What you are asked to do: Reproduce only this stretch of the listing below: from the line with "vidaXL Highboard Braun" through the line with "Highland Jute Braided", exactly as written, with pictures excluded.

Top of Entries shown

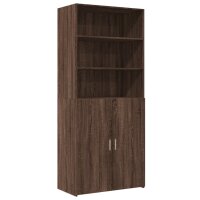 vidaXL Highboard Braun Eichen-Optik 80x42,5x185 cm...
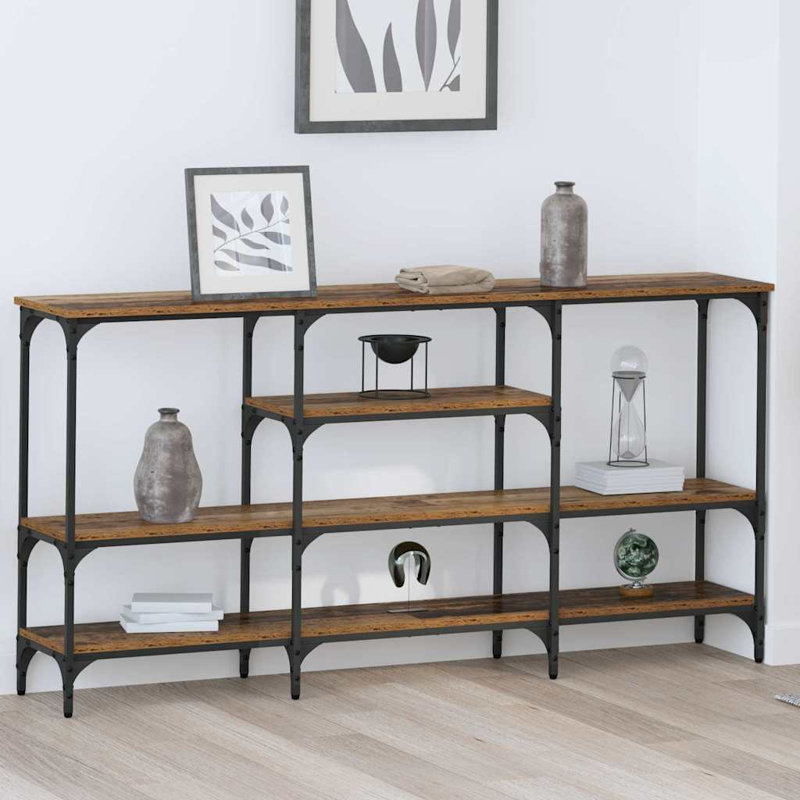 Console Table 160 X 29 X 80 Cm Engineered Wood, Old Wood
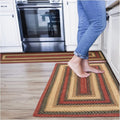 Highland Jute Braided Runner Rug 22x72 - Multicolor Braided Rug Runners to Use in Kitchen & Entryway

Bottom of Entries shown
Top of Entries shown

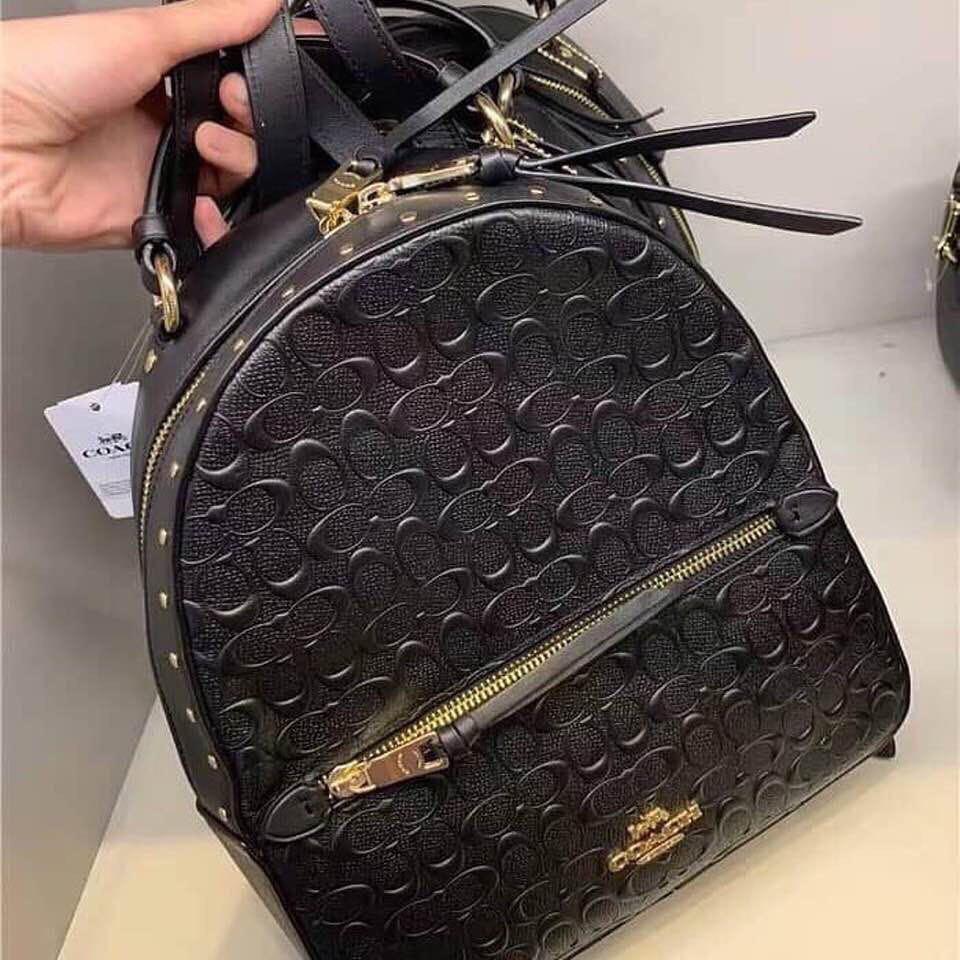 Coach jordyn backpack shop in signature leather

Bottom of Entries shown

Result:
 vidaXL Highboard Braun Eichen-Optik 80x42,5x185 cm...
 Console Table 160 X 29 X 80 Cm Engineered Wood, Old Wood
 Highland Jute Braided Runner Rug 22x72 - Multicolor Braided Rug Runners to Use in Kitchen & Entryway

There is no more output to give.